Records from a data source:
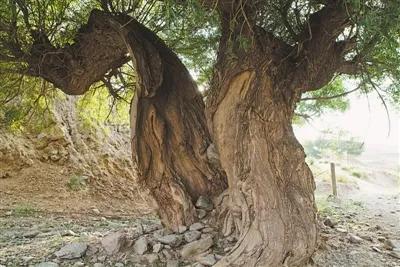 宁夏地震局最新消息揭秘,地震探秘之旅的温馨之旅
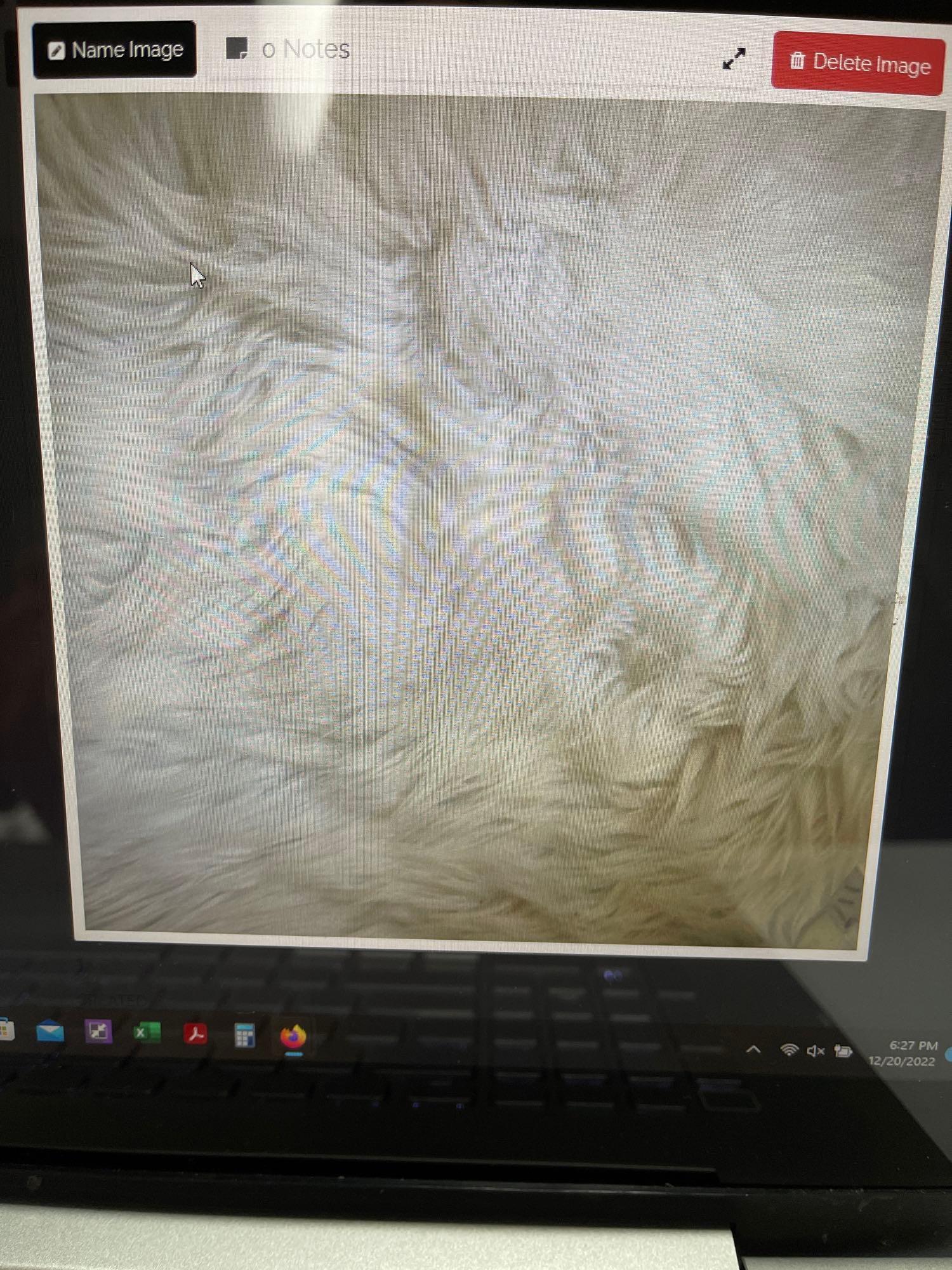 Nickname: Fur rug Type: 4x6 Indoor Rug Keywords; White fur rug, 4x6 (1 of 3)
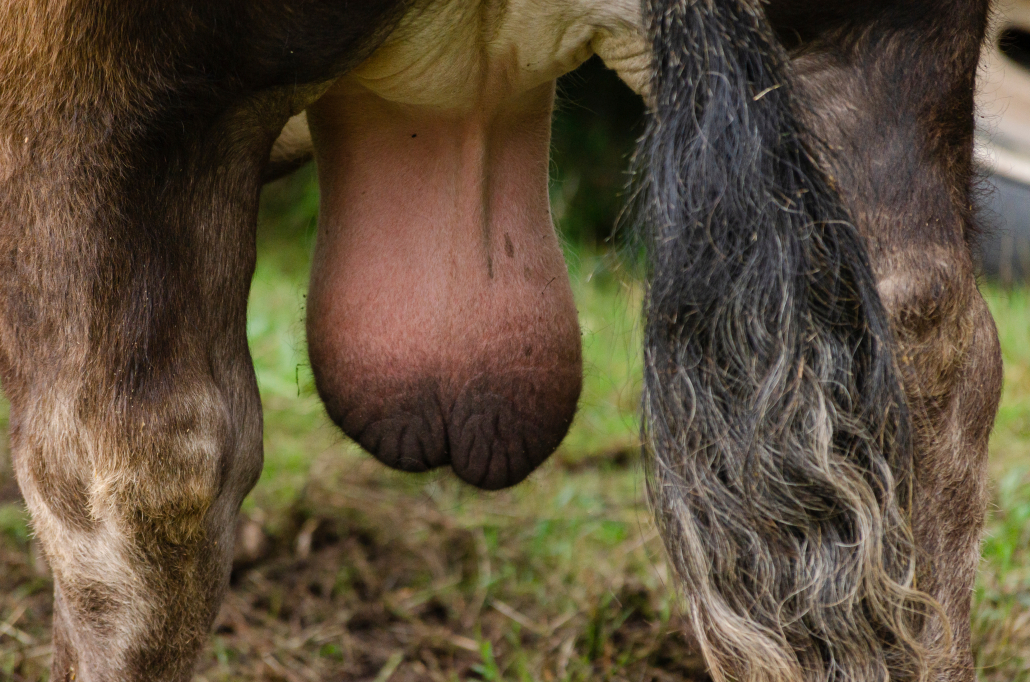 Large testicles of a bull of Portuguese breed, northern Portugal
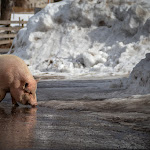 Photo n°5 de l'avis de Andrea.. fait le 22/04/2019 à 07:25 sur le  Gasthof Fallmühle à Pfronten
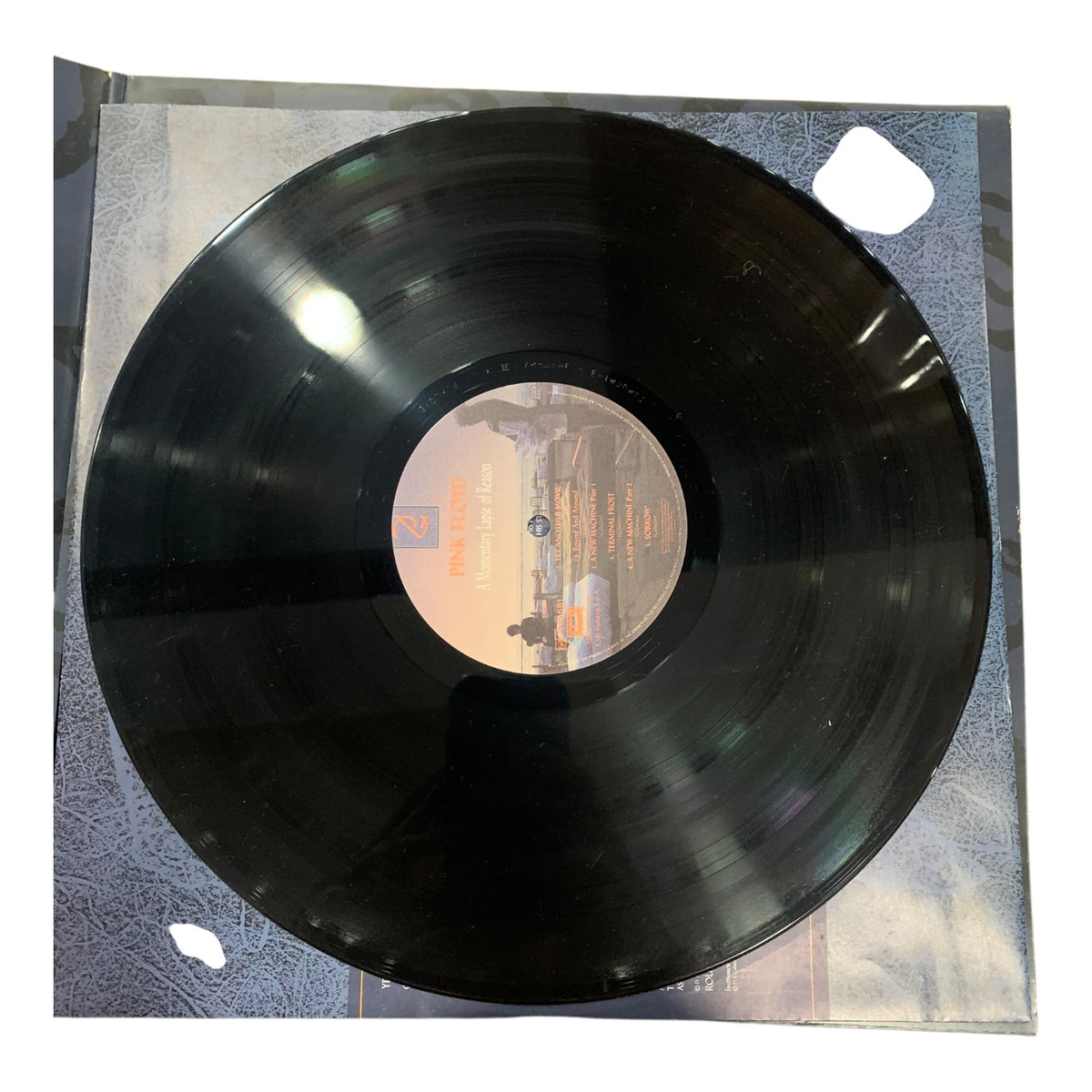 Vinile 33 Giri Pink Floyd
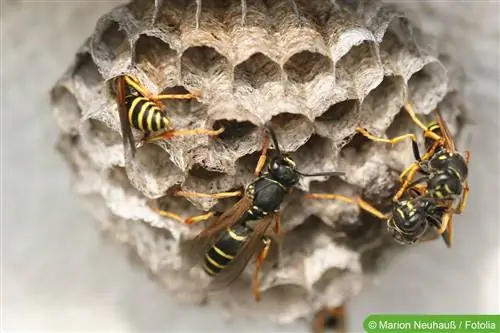 Wasp allergy: ano ang gagawin? - Mga Sintomas & Paggamot, desensitization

_Task description_. Omit the pictures, then extract verbatim only those lines that fall between the line containing "Large testicles of" and the final line of the records above, both included.

_Task result_.
 Large testicles of a bull of Portuguese breed, northern Portugal
 Photo n°5 de l'avis de Andrea.. fait le 22/04/2019 à 07:25 sur le  Gasthof Fallmühle à Pfronten
 Vinile 33 Giri Pink Floyd
 Wasp allergy: ano ang gagawin? - Mga Sintomas & Paggamot, desensitization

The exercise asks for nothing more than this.